Red Cedar, terrified by the duration of a combat in which his bravest comrades had perished, resolved to attempt a final effort, and conquer the Indians by daring and temerity. By a signal he collected his three sons around him, with Andrés Garote and Fray Ambrosio; but the Indians did not leave them the time to carry out the plan they had formed; they returned to the charge with incredible fury, and a cloud of incendiary arrows and lighted torches fell on the camp from all sides at once.

The fire added its horrors to those of the combat, and ere long the camp was a burning fiery furnace. The redskins, cleverly profiting by the disorder the fire caused among the gambusinos, escaladed the bales, invaded the camp, rushed on the whites, and a hand-to-hand fight commenced. In spite of their courage and skill in the use of arms, the gambusinos were overwhelmed by the masses of their enemies; a few minutes longer, and all would be over with Red Cedar's band.

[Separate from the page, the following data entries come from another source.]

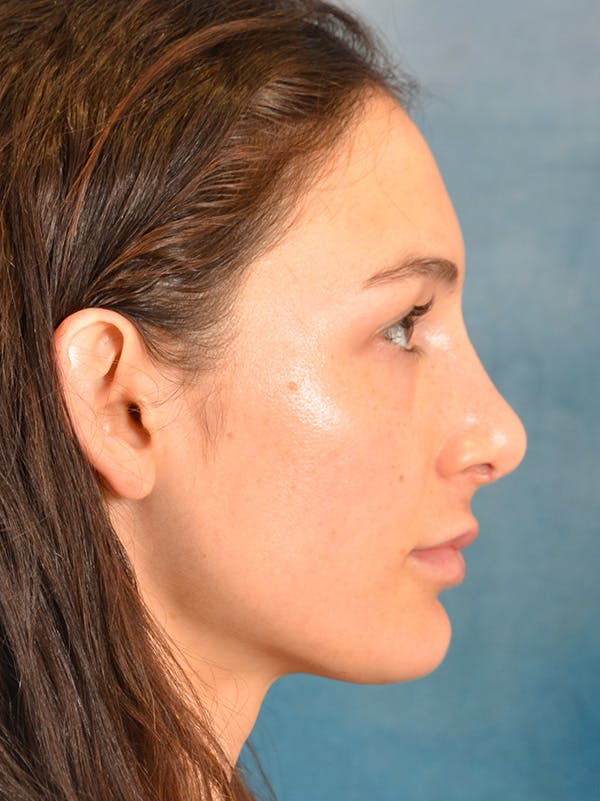 Rhinoplasty Before & After Gallery - Patient 148257069 - Image 8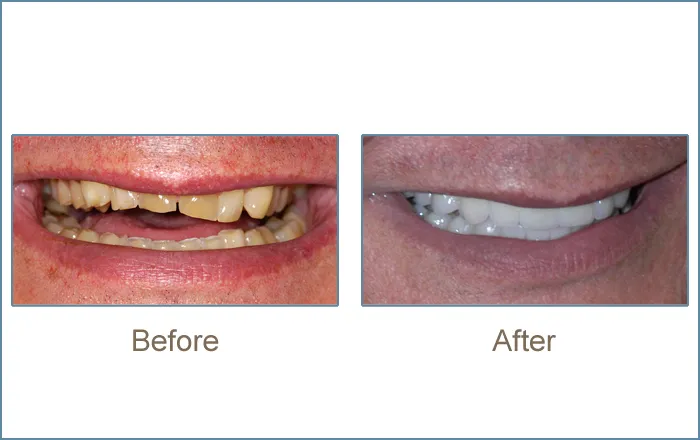Before & after cosmetic dentistry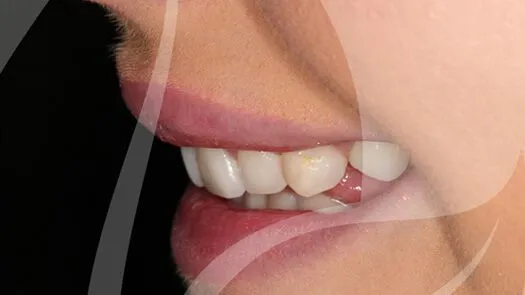 Whitening & cosmetic bonding makeover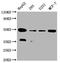 Ubiquinol-Cytochrome C Reductase Core Protein 2 antibody, CSB-RA229127A0HU, Cusabio, Western Blot image 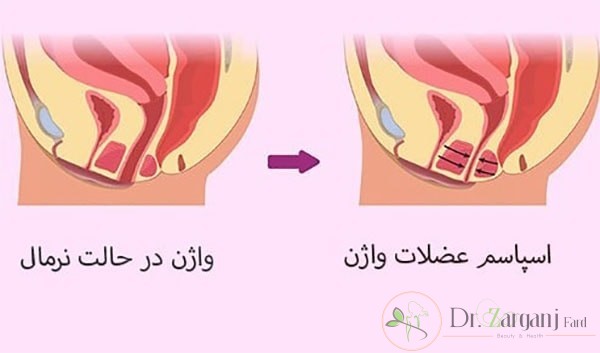 درباره واژینیسموس چه اطلاعاتی دارید؟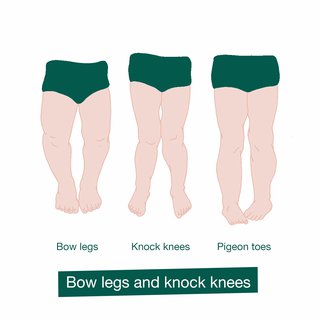 Bow legs and knock knees in children HSE.ie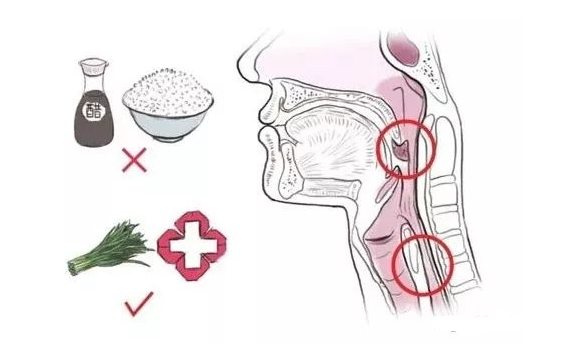 喉咙卡鱼刺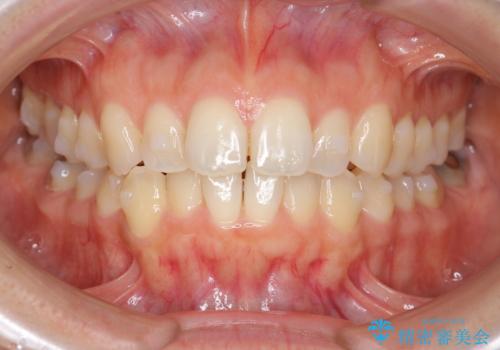 前歯のガタつきをマウスピースで治したい!の治療中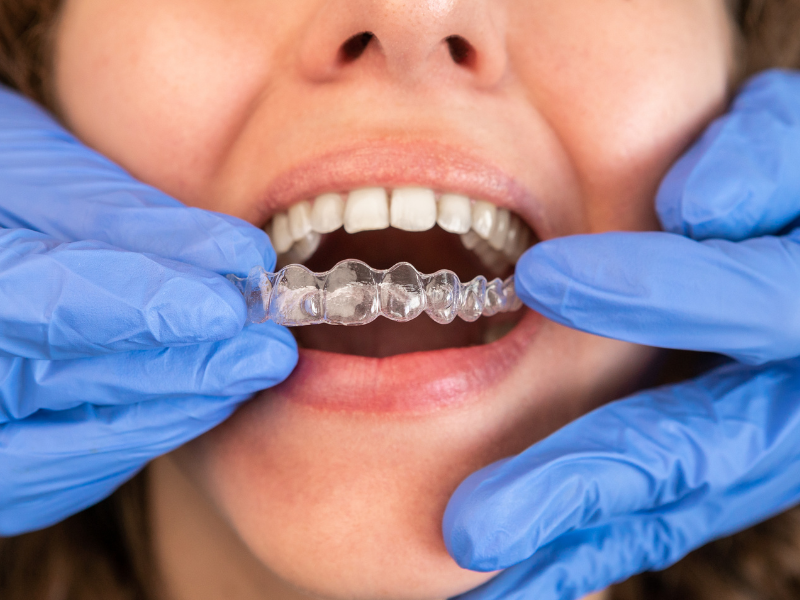 Picture of invisalign aligners used to fix an underbite.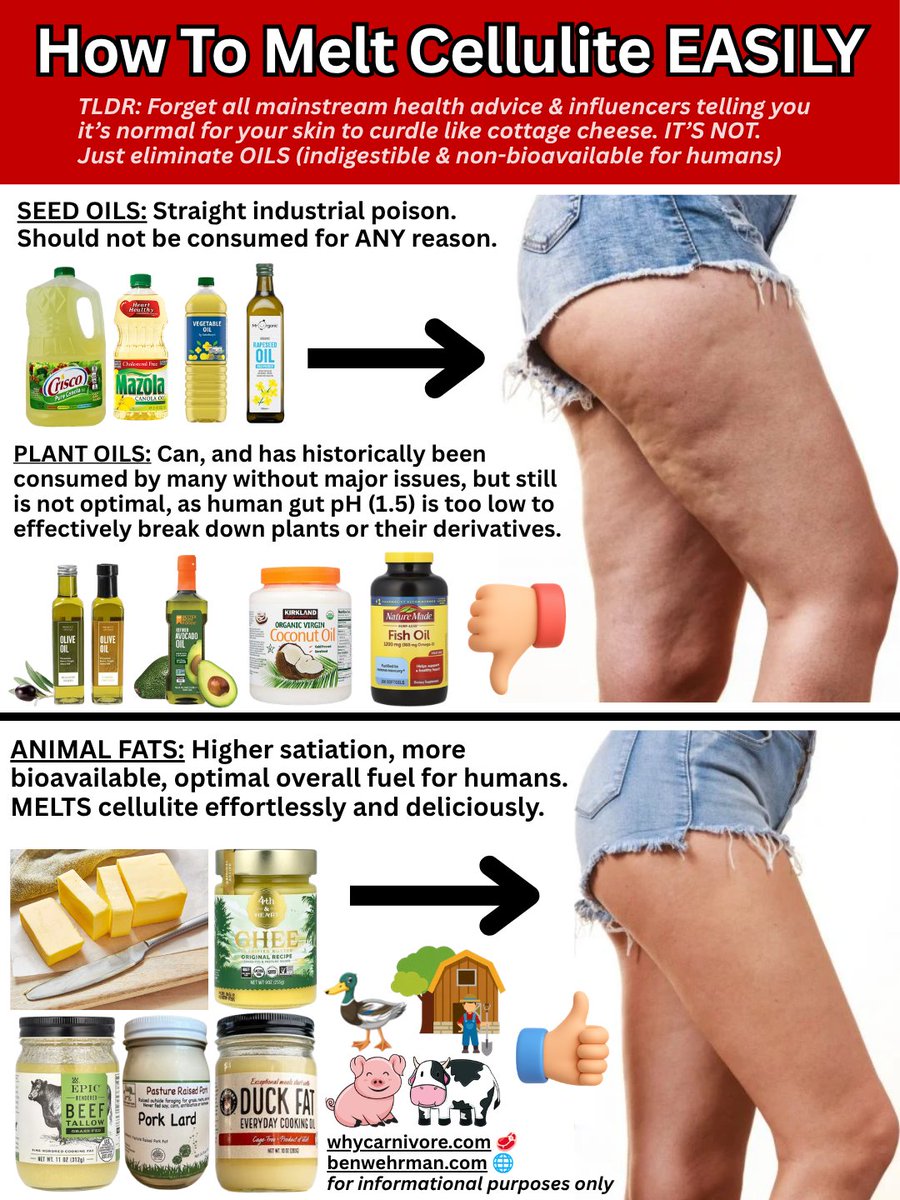 benwehrman's tweet photo. Fun fact for any women dealing with cellulite on their butt/legs

It's caused by OILS

The human body does not have the ability to break down plants or their derivatives (we have a gut pH of 1.5, meaning we are more carnivorous than a lion 🦁🥩)

Cut out the SEED OILS first, as they are straight industrial poison

Then, cut out all the other non-bioavailable oils that the clueless and/or brainwashed "health influencers" told you are healthy for you (coconut oil, olive oil, avocado oil, fish oil, etc.), and replace them with ANIMAL FATS, which are extremely bioavailable, i.e. our bodies are actually designed to break them down into usable fuel

Butter, beef tallow, lard, ghee, duck fat...you can find them at any grocery store. Try them all out, and choose whichever one you like best

Get back to me in a few months when your cellulite is gone or at least greatly reduced. Your increased self-confidence and happiness is all the thanks I need ❤️

Come back tomorrow for more hotness-increasing tips 💪🔥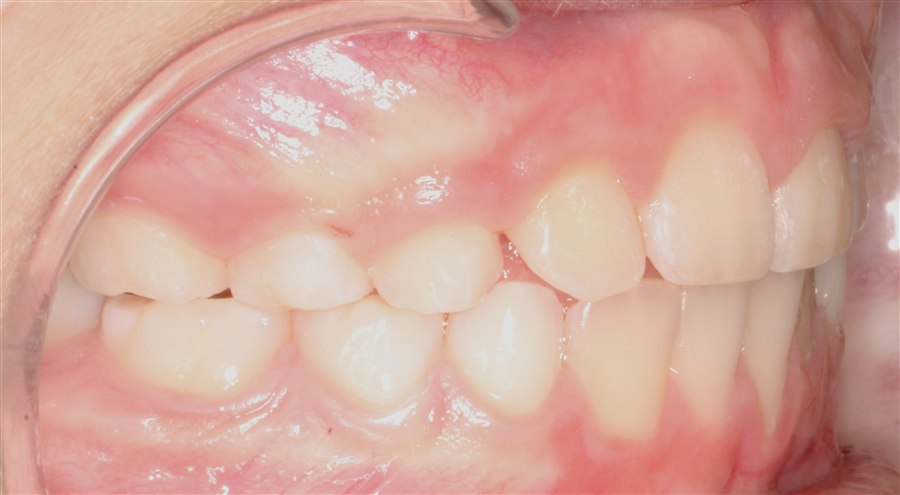 After treatment, case 2, side view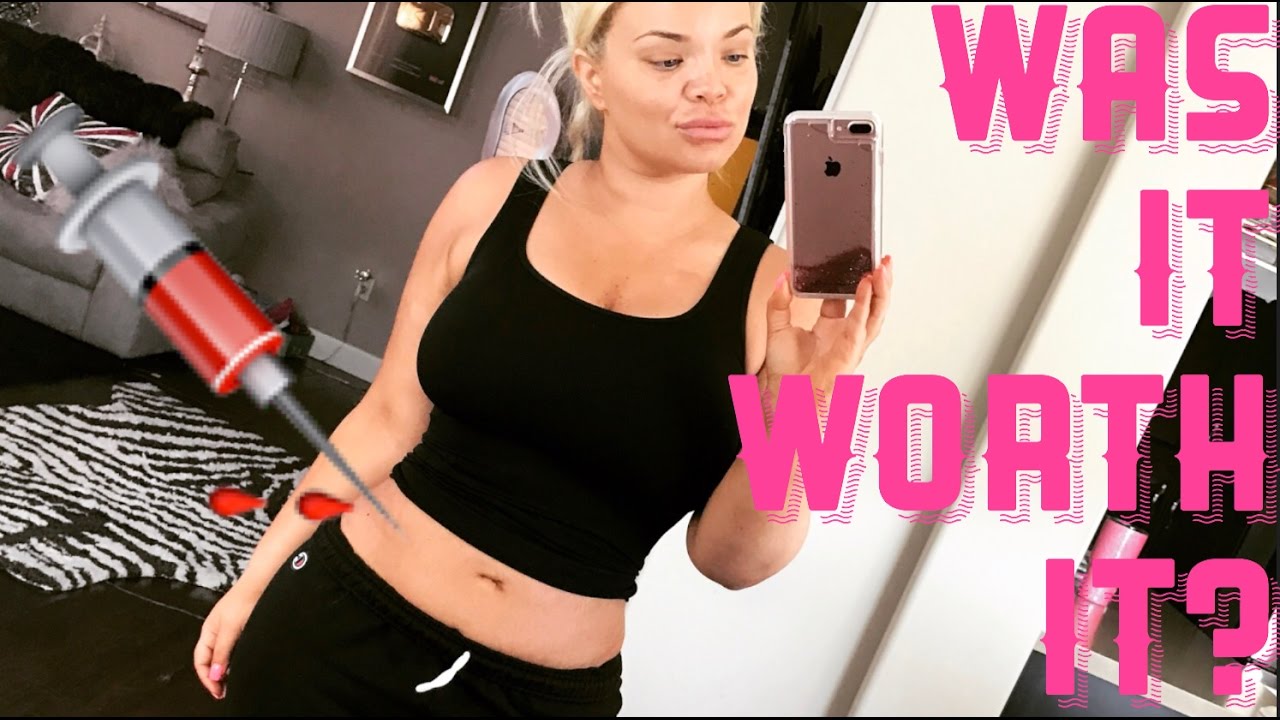 LIPOSUCTION UPDATE (FINAL RESULTS) - WEEK 6 POST OP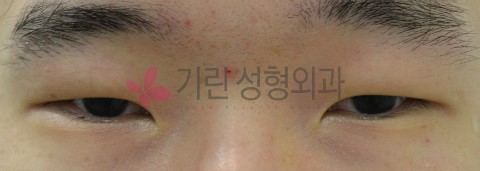 실밥제거가 없는 비절개눈매교정술 (전후사진) 관련 이미지 1
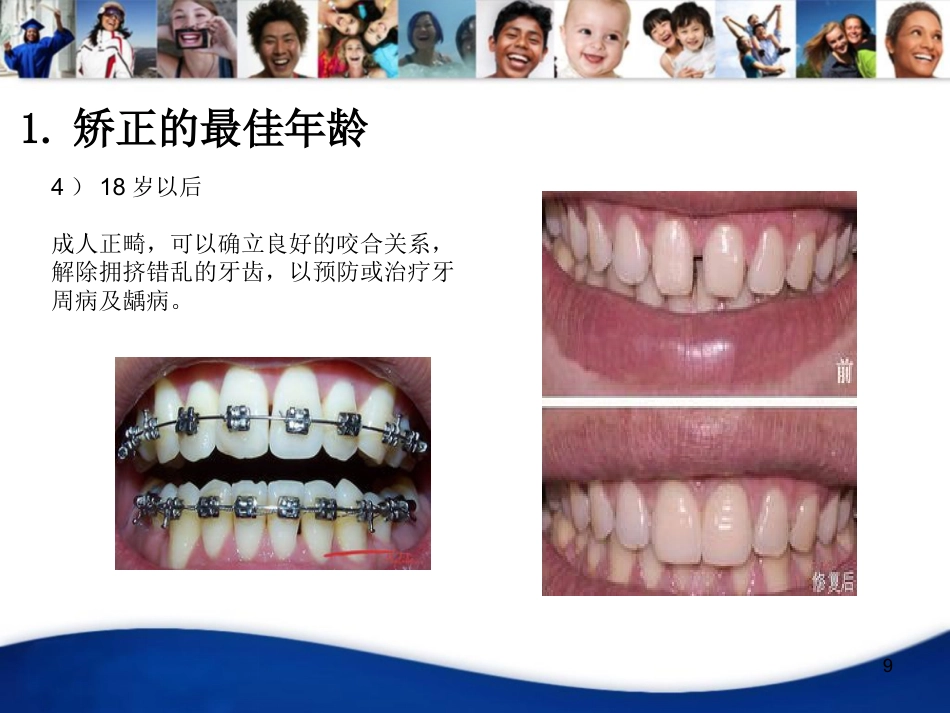 中青年口腔知识宣教资料PPT_第9页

The squatter resolved to make a supreme effort to save the few men still left him; taking Fray Ambrosio aside, who, since the beginning the action, had constantly fought by his side, he explained his intentions to him; and when he felt that the monk would certainly carry out his plans, he rushed with incredible fury into the thickest of the fight, and felling or stabbing the redskins who stood in his way, succeeded in entering the tent.